We start with a breathtaking view of Jerusalem. As if in the palm of our hand, we see the Old City and the Temple Mount area spread before us and imagine the Second Temple destroyed in 70 CE and Solomon’s Temple before that, destroyed in 586 BCE.
As we drive along the Kidron Valley we have an excellent view of Mount Olives, the Garden of Gethsemane and the Church of All Nations as well as of the monumental ancient Jewish burial tombs. We enter the Old City through the Zion Gate, passing the Armenian Quarter to the excavated Byzantine Cardo. Although this fifteen hundred year old main street of Jerusalem was partially destroyed and unused during the Moslem conquest it had a brief new lease of life during the Crusader period and the excavated Crusader shops are now modern stores.
Continuing through the Jewish Quarter we proceed to the Western Wall (Kotel). This two thousand year old wall is part of the encircling and supporting wall built by King Herod when the Temple Mount area was enlarged.
As we walk along the Via Dolorosa we join the many pilgrims who are following the Stations of the Cross ending at the Church of the Holy Sepulchre, the church built over the place of the crucifixion of Jesus and the burial tomb.
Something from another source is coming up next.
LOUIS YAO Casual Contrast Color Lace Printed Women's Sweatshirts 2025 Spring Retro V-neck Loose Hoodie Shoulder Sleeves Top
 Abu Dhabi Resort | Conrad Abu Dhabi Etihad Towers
Originally built in the Byzantine period, it was partially destroyed during the Persians and Moslem conquests and then rebuilt and slightly altered by the Crusaders. We stroll through the market alleys before departing for Bethlehem, (city of bread), hometown of Jesse, father of King David (I Sam 16:1), and birthplace of Jesus (Mat. 2:1).
A short walk across Manger Square brings us to the well-preserved Byzantine Church of Nativity. First built in the 4th century and enlarged in the 6th, the original mosaic floor is revealed through trapdoors in the later floor. Unlike most churches in the Holy Land the Church of Nativity was not destroyed by the Persian and Moslem conquerors but the entrance was lowered forcing us to crouch as we enter.
If we look carefully we can see the faint Crusader decorations on the columns. Descending to the Grotto of the Nativity we see the star indicating the place of the birth, with the words “Here Jesus Christ was born to the Virgin Mary” in Latin. Opposite are the Manger and the altar dedicated to the three Wise Men. Both the Church and Grotto are Orthodox.
During the centuries after the expulsion of the Crusaders little was done to maintain the Church of Nativity, which suffered both earthquake damage and a fire. Partial restoration was undertaken during the British Mandate and since 1967 extensive repairs have been carried out under Israeli auspices,
As we depart, in the distance we see the Field of Ruth. This is where Ruth the Moabite, daughter-in-law of Naomi, great grandmother of King David, gleaned in the fields of Boaz. (Ruth 2:1ff).